Collected data
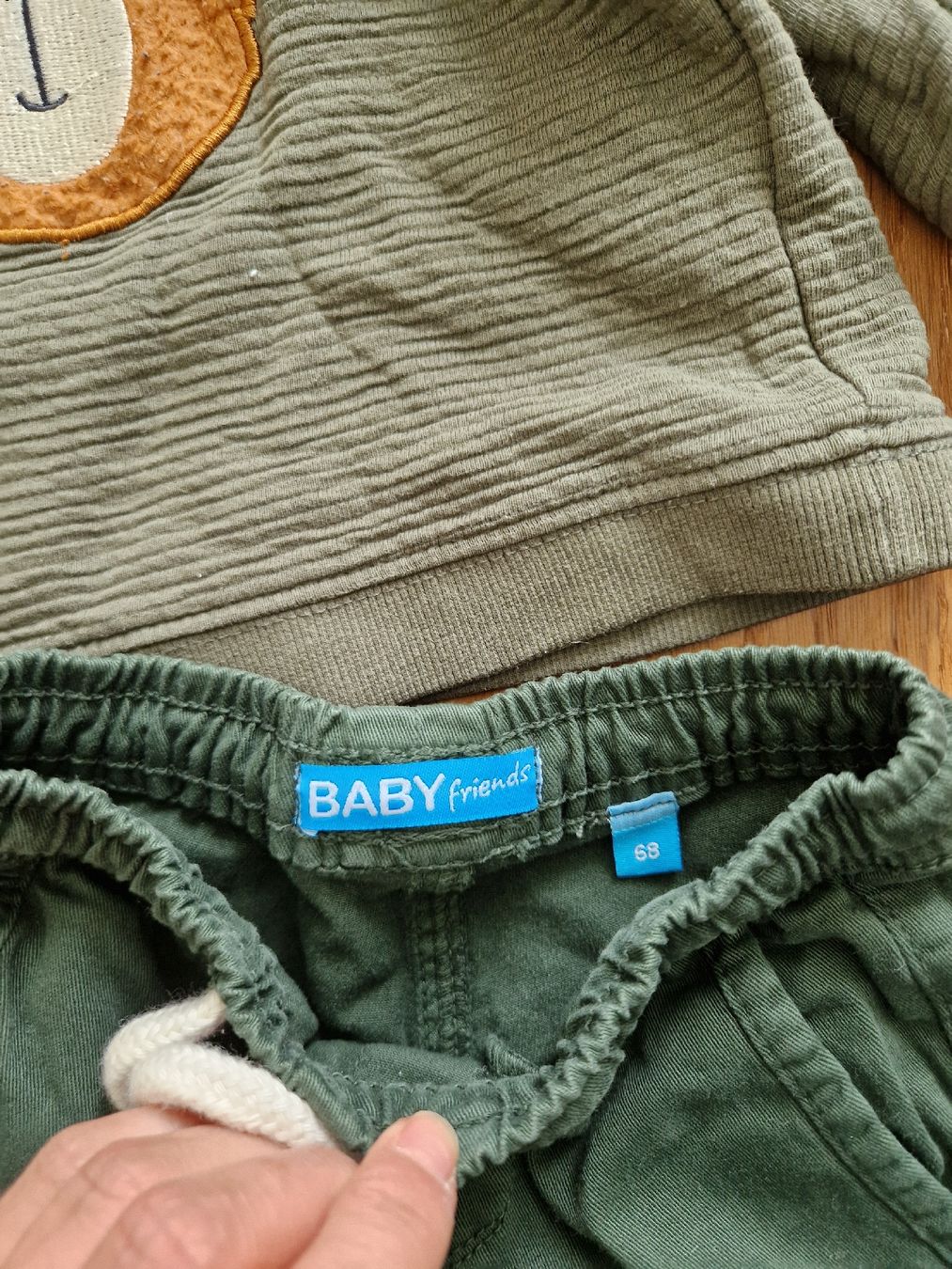 Maglioni & Felpe: Baby Set aus Hose und Pullover Grösse 68 – Usato da Eschenbach SG venduto da SanFranciscoCalifornia 1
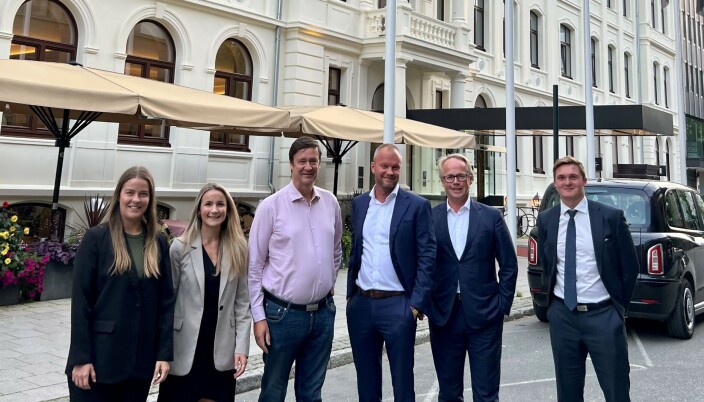 Fra v. Aud-Silje Wæhle og Jule Falk-Larsen fra YA Trøndelag, John Christian Elden, Øystein Myhre Bremset, Inge Ekker Bartnes og YA-leder Thomas Hoff Myhr utenfor Britannia Hotel i Trondheim. Fra v. Aud-Silje Wæhle og Jule Falk-Larsen fra YA Trøndelag, John Christian Elden, Øystein Myhre Bremset, Inge Ekker Bartnes og YA-leder Thomas Hoff Myhr utenfor Britannia Hotel i Trondheim.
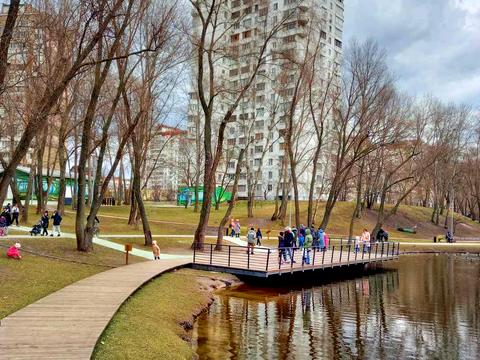 квартира за адресою Червоної Калини просп. (Володимира Маяковського), 1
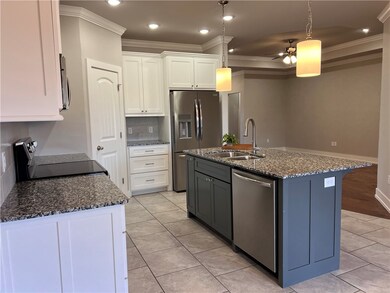 928 Sugar Pine St, Tontitown, AR 72762 - photo 7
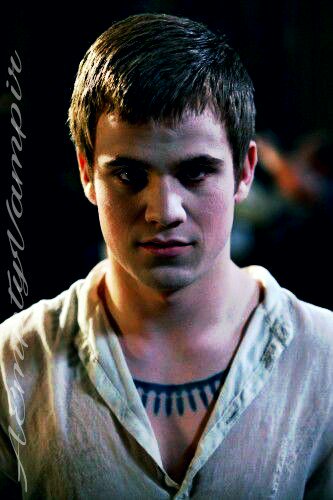 MythicalStories's tweet photo. ⟅ ☀️ ⟆ — ❝ Godric ❞
            ❊#BlueSea❊ 
     〖@AEmptyVampir 〗 https://t.co/LyL3UyRSqm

The problem:
Please print the entries shown above again, exactly, and skip the pictures.

Output of the exercise:
 Maglioni & Felpe: Baby Set aus Hose und Pullover Grösse 68 – Usato da Eschenbach SG venduto da SanFranciscoCalifornia 1
 Fra v. Aud-Silje Wæhle og Jule Falk-Larsen fra YA Trøndelag, John Christian Elden, Øystein Myhre Bremset, Inge Ekker Bartnes og YA-leder Thomas Hoff Myhr utenfor Britannia Hotel i Trondheim. Fra v. Aud-Silje Wæhle og Jule Falk-Larsen fra YA Trøndelag, John Christian Elden, Øystein Myhre Bremset, Inge Ekker Bartnes og YA-leder Thomas Hoff Myhr utenfor Britannia Hotel i Trondheim.
 квартира за адресою Червоної Калини просп. (Володимира Маяковського), 1
 928 Sugar Pine St, Tontitown, AR 72762 - photo 7
 MythicalStories's tweet photo. ⟅ ☀️ ⟆ — ❝ Godric ❞
            ❊#BlueSea❊ 
     〖@AEmptyVampir 〗 https://t.co/LyL3UyRSqm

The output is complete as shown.